Restituzione dell’assegno di invalidità (Cass. civ., sez. VI – L, 4 agosto 2022, n. 24180).

Restituzione dell’assegno di invalidità solo dal momento della comunicazione della visita di revisione.

La Corte d’appello di Lecce, a conferma della sentenza del Tribunale di Lecce, ha riconosciuto il diritto dell’Inps alla restituzione delle somme indebitamente percepite dalla ricorrente a titolo di assegno di invalidità per il periodo 1.11.2010/30.6.2014 ovvero dalla data in cui l’assistita era stata sottoposta a visita di revisione (2010) e fino al momento del provvedimento di comunicazione (2014).
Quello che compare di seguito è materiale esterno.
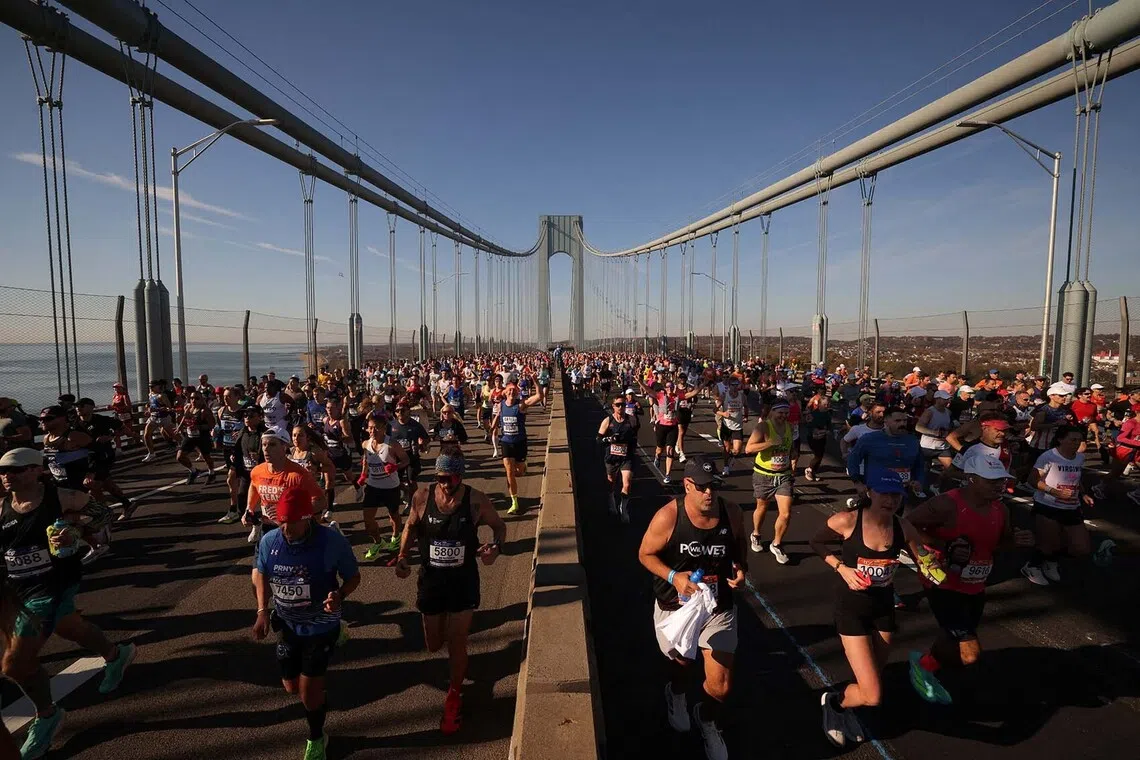 Runners on the Verrazzano-Narrows Bridge during the New York City Marathon, Nov 2, 2025.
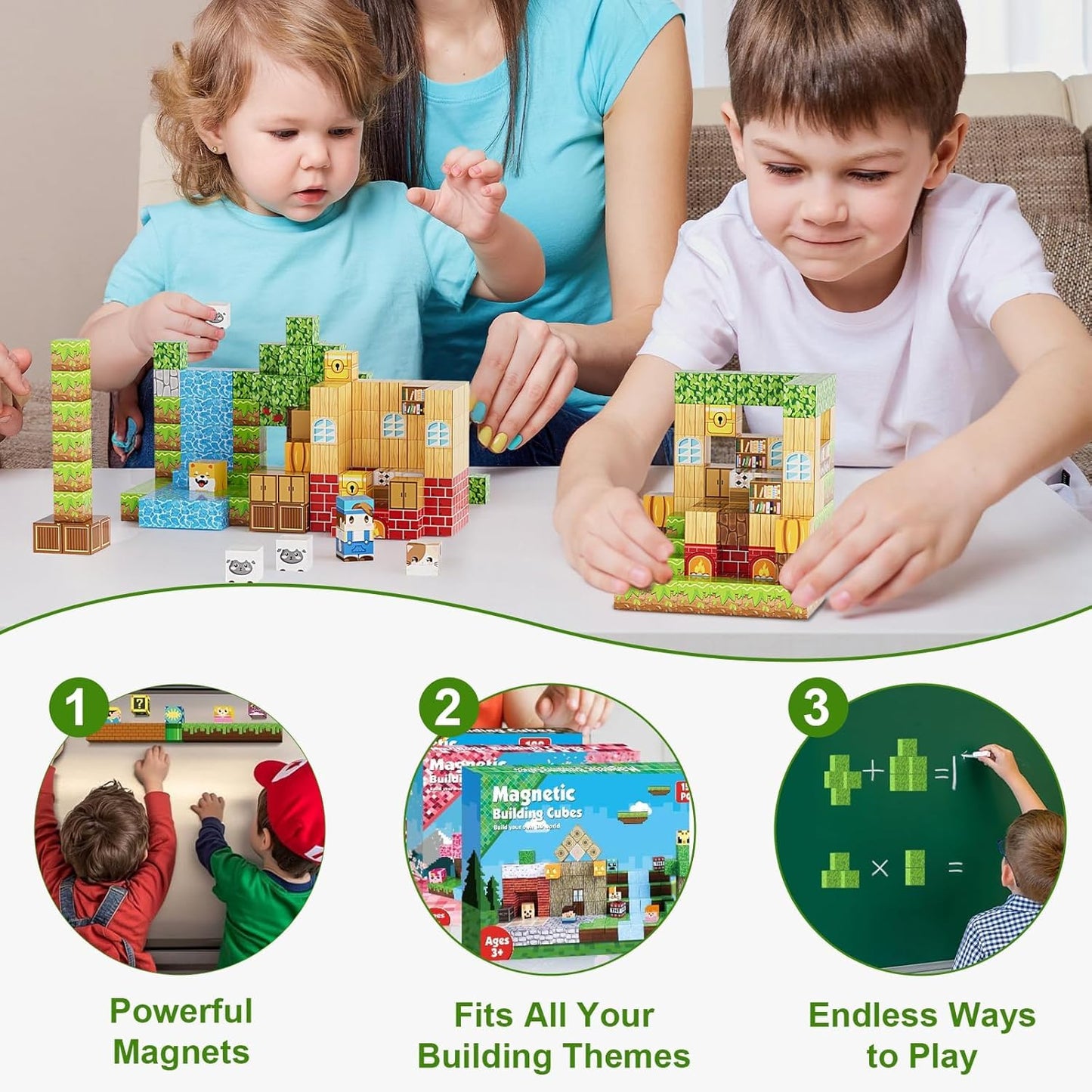 Fitrobust 150PCS Magnetic Blocks, Magnetic Building Blocks, 0.78in Magnetic Building, STEM Game Stacking Toys for Kids, Birthday Gifts for Boys and Girls Age 3+ Years Old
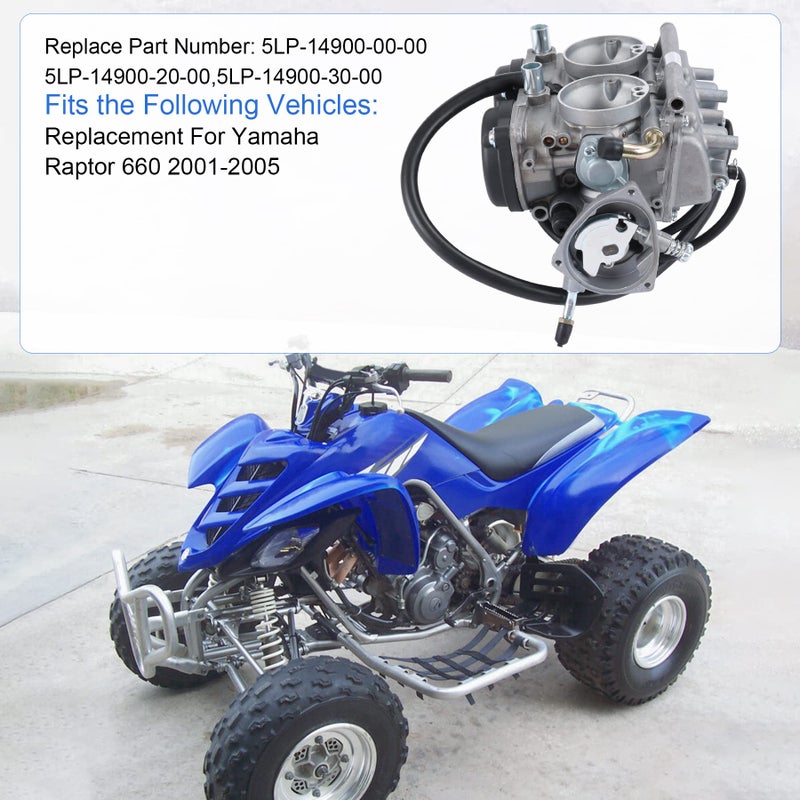 JDMSPEED New Carburetor Replacement For Yamaha Raptor 660 660R YFM660 YFM 660R ATV Quad Carb 2001 2002 2003 2004 2005 Replaces 5LP-14900-00-00 5LP-14900-20-00 5LP-14900-30-00 - Image 2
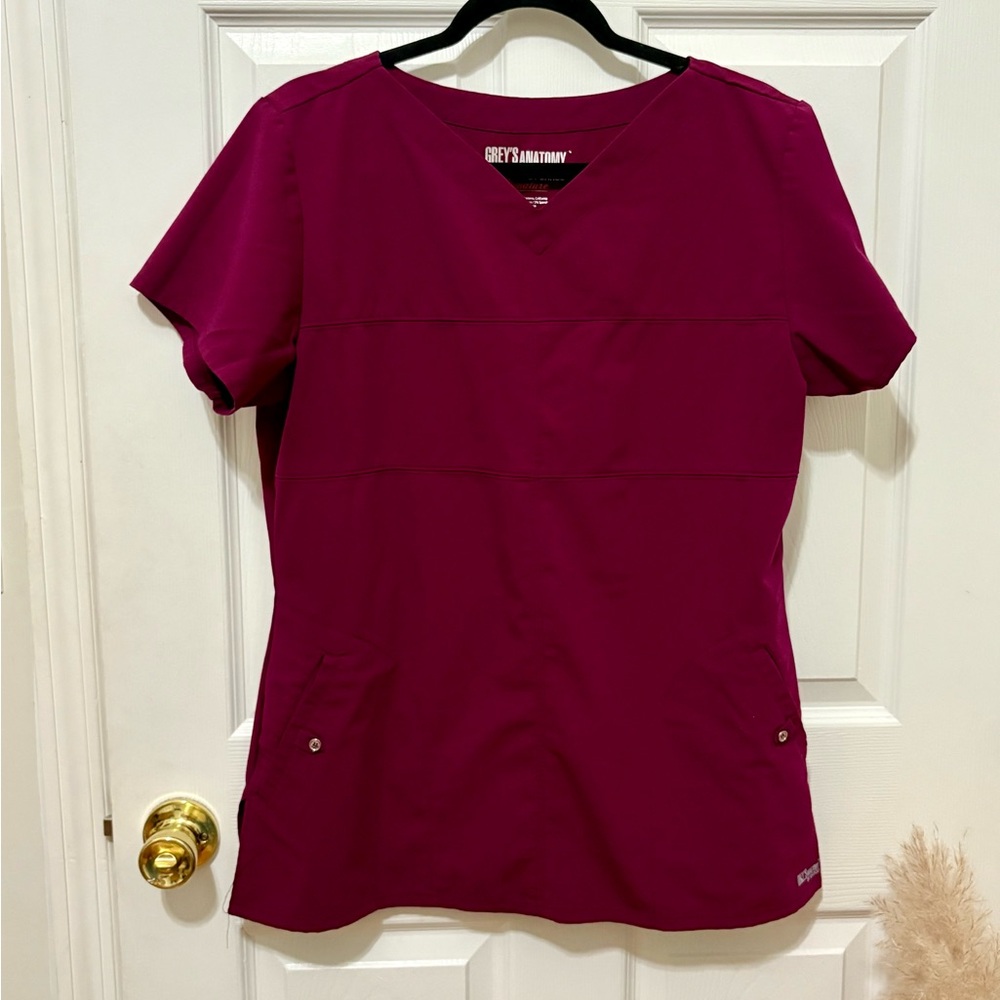 Grey's Anatomy Women's Burgundy Scrub Top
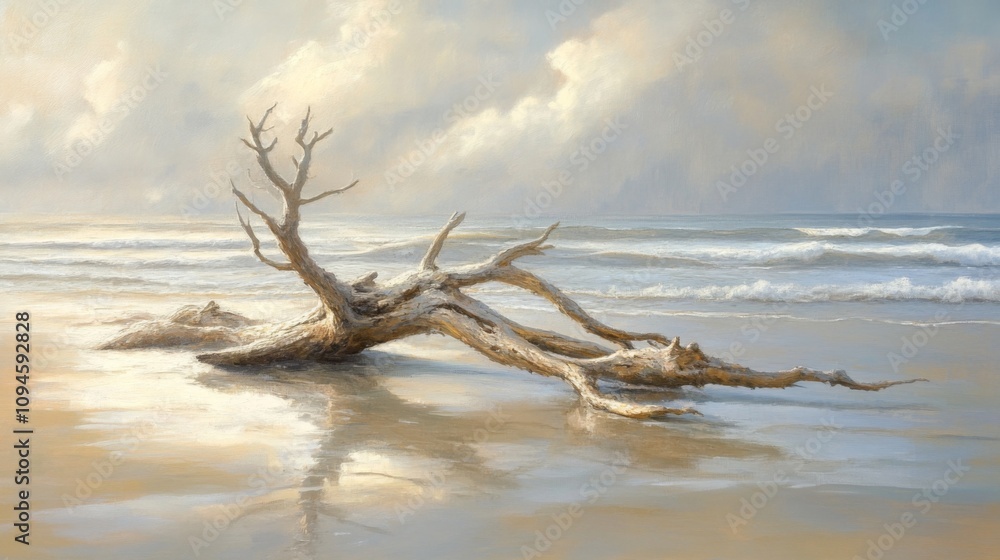 A Driftwood Tree Branch on a Sandy Beach, Waves and Sky in the Background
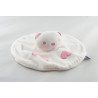 Doudou plat ours chat rose fleur SUCRE D'ORGE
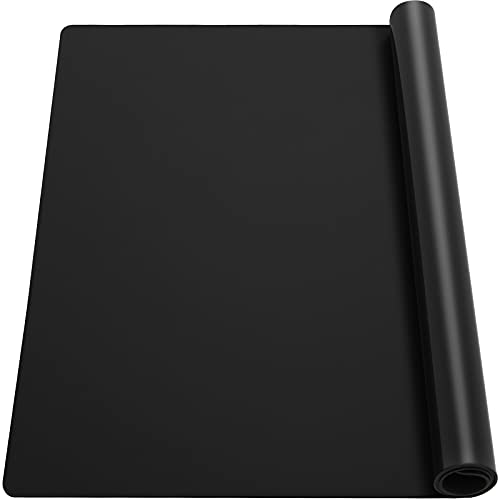 Ewen 31.6"x23.5" Large Silicone Kitchen Counter Mat, 2mm Thick Heat Resistant Silicone Countertop Protector Mat Cover for Baking Air Fryer Toaster Oven Microwave Coffee Maker Cutting Board Drill Black - color: Black, size: 31.6"L x 23.5"W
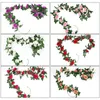 装飾的な花1pc偽のつる植物花柄のアーチ装飾ローズアイビーガーランド人工シミュレーションシルクローズ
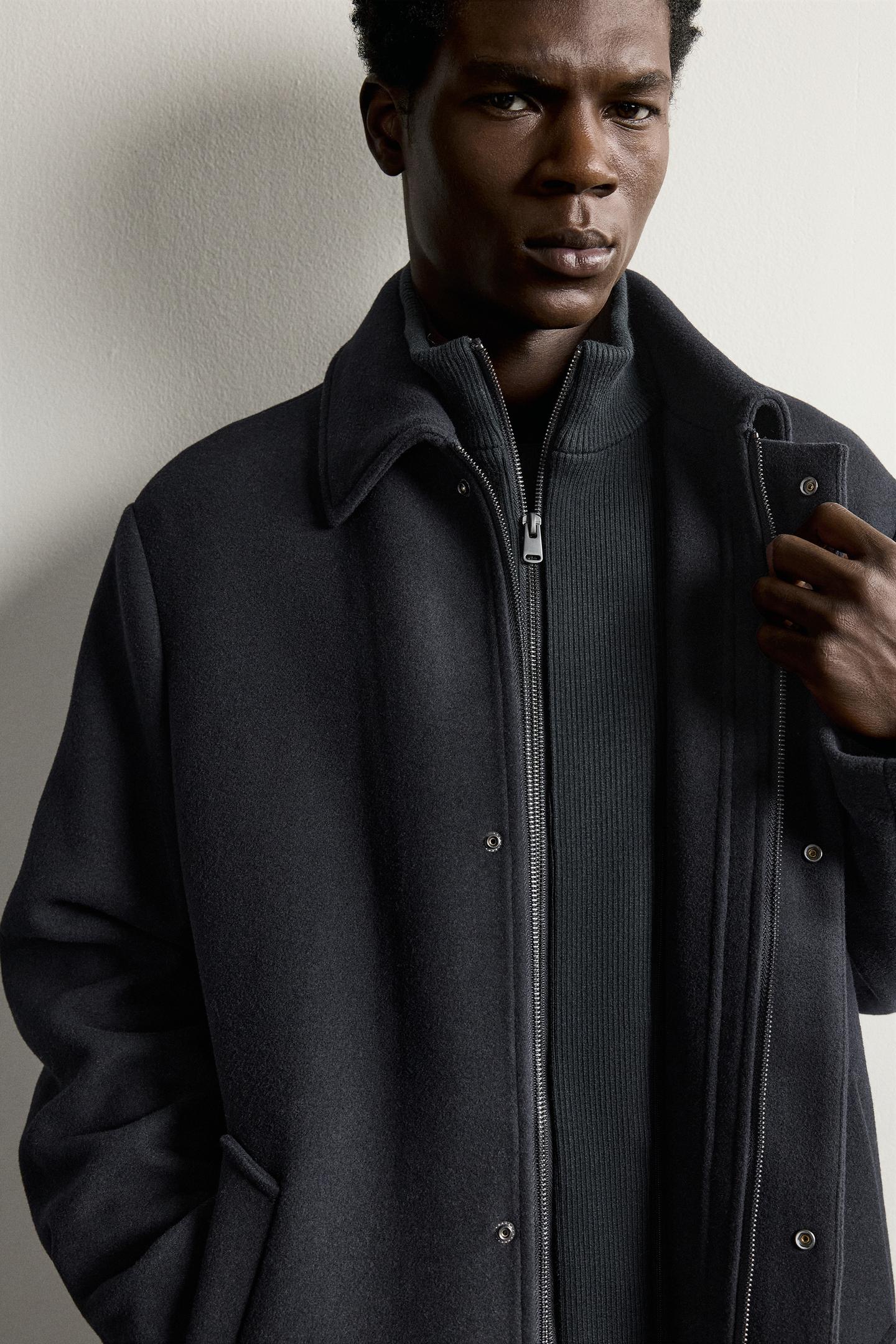 Мужское пальто Zara Regular Fit Detachable Collar, цвет: Тёмно-синий — фото 7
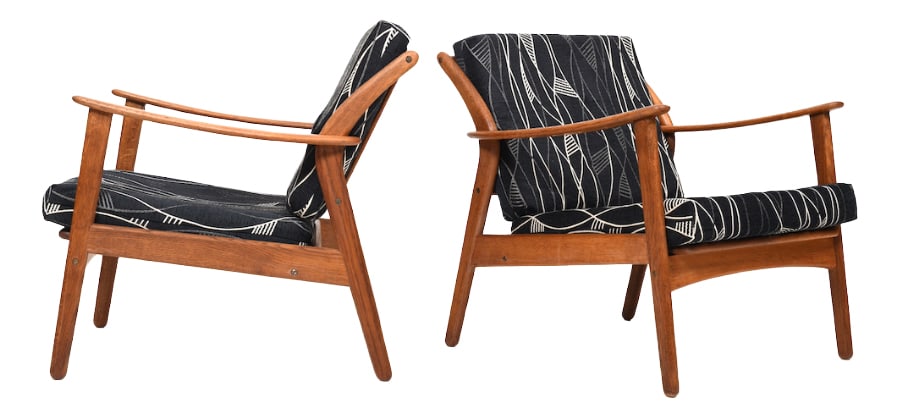 Set of Danish Oak Easy Chairs by Nils Kofoed: Pair of Danish mid century Nils Kofoed easychairs in solid oak. Produced in 1960s. Nice organic shaped chairs with later fabric. Country of Manufacture: Denmark Design Period: 1960 to 1969 Production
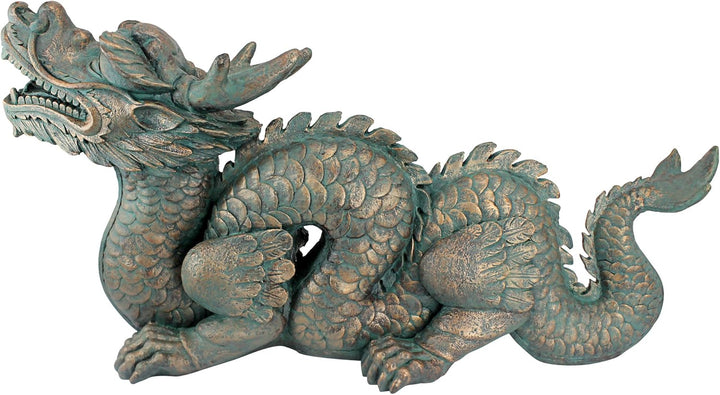 Design Toscano AL25253 Wandskulptur Asiatischer Drache der Grossen Mauer: Gross, Harz, grün, 23 x 75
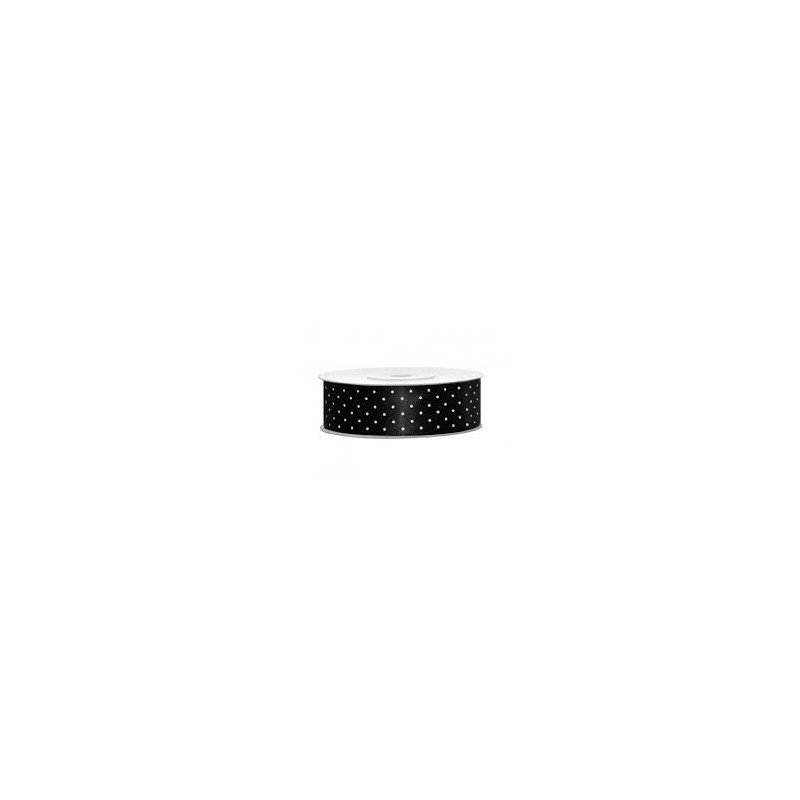 RUBAN SATIN NOIR POIS BLANC 25 M X 25 MM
In estrema sintesi, la Corte territoriale ha ritenuto irrilevante, rispetto al diritto alla ripetibilità, l’accertamento di un particolare stato soggettivo dell’accipiens

«L’indebito assistenziale che si è determinato per il venir meno del requisito sanitario, a seguito di visita di revisione, abilita alla restituzione solo a far tempo dal provvedimento con cui l’esito di detto accertamento sia comunicato al percipiente, salvo l’erogazione indebita sia addebitabile all’assistito e non sussistano le condizioni di un legittimo affidamento».

In tali termini si è pronunziata la Suprema Corte che accoglie il ricorso della beneficiaria  che in primo e secondo grado si era vista riconoscere il diritto dell’INPS alla restituzione di somme dalla stessa indebitamente precipite a titolo di assegno di invalidità.

La beneficiaria impugna in Cassazione la decisione della Corte d’Appello di Lecce e gli Ermellini, dando seguito al consolidato orientamento sulla materia, ritengono le censure fondate.

Il principio di diritto ribadito dalla Cassazione recita che «in tema di indebito assistenziale trova applicazione, in armonia con l’art 38 Cost., la disciplina peculiare, diversa sia da quella generale dettata dall’art. 2033 c.c. che da quella prevista con riferimento alle pensioni o ad altri trattamenti previdenziali, appositamente dettata in materia».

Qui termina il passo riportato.